Since I was way too focused on being Wonder Woman I failed to realize that the real power might in fact lie in the concept of secret identity not in combat skills, flying an invisible plane or mastering the Lasso of Truth. What I should have done in the 4th grade was to create a secret identity for myself. I didn’t necessarily have to be a superhero since I’m not entirely sure what my superhero power would be (maybe sarcasm or 80s movie trivia) but I’m pretty certain that I could have come up with something pretty great. I mean, aren’t all little kids wickedly creative when it comes to making up stories? Weren’t we all particularly gifted in the art of fibbing? Creating a secret identity would have just been an extended fib or a slight embellishment of the truth. I would call this “telling stories” now. I should have just told a story.

I could have incorporated the fact that my family moved every few years into the story (military family). That would have totally supported the need for a secret identity. I’m not entirely sure what the glasses would have had to do with this but I could have come up with something. Anything would have been better than being “glasses face” and “nerd girl.”

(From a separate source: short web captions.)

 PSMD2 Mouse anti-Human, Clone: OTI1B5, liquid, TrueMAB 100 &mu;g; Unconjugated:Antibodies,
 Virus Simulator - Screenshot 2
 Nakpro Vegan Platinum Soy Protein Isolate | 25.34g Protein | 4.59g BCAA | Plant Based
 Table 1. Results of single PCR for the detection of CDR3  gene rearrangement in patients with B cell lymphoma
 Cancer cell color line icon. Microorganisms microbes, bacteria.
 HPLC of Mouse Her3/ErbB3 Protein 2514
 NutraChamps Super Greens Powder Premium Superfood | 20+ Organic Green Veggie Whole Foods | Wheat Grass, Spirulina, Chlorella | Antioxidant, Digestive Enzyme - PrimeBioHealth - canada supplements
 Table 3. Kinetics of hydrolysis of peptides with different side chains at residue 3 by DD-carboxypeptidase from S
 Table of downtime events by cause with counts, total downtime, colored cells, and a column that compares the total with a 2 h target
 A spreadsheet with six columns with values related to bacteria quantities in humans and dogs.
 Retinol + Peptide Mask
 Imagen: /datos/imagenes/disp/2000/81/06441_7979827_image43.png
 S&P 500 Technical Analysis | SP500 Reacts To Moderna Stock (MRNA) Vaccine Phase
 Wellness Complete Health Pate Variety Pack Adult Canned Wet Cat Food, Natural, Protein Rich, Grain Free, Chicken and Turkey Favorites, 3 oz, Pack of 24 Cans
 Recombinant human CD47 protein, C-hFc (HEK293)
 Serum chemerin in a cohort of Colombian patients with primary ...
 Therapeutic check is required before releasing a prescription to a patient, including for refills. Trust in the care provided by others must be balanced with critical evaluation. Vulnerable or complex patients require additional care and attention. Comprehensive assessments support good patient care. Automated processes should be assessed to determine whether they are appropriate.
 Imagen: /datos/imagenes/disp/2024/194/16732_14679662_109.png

As I got older, I could have pulled from Shakespearean secret identities since this was the time that I stopped watching superhero tv shows and started reading plays, specifically Shakespeare. My favorites are As You Like It and Titus Andronicus. Exile and war are totally things that high school students could get behind. The instance of disguise in Titus Andronicus is maybe not the stuff of teenage secret identity stories unless you’re interested in directing or writing horror movies. Or wanting to make a career out of baking people into pies. I still think I could have made it work. Kids will believe anything right? And it would have been totally normal to make up a fantastical story that included super powers, lost kingdoms, exile, and cannibalism. That wouldn’t have been weird at all. Or landed me in therapy for the rest of my life.

Now I’m a grown-up and I have embraced my glasses as part of me. Not wearing my glasses seems weird and unnatural. I don’t even think I need a secret identity – I just really look good in glasses. Hipsters pay lots of money for fake versions of the glasses I wear on purpose. Somehow this makes me think I won.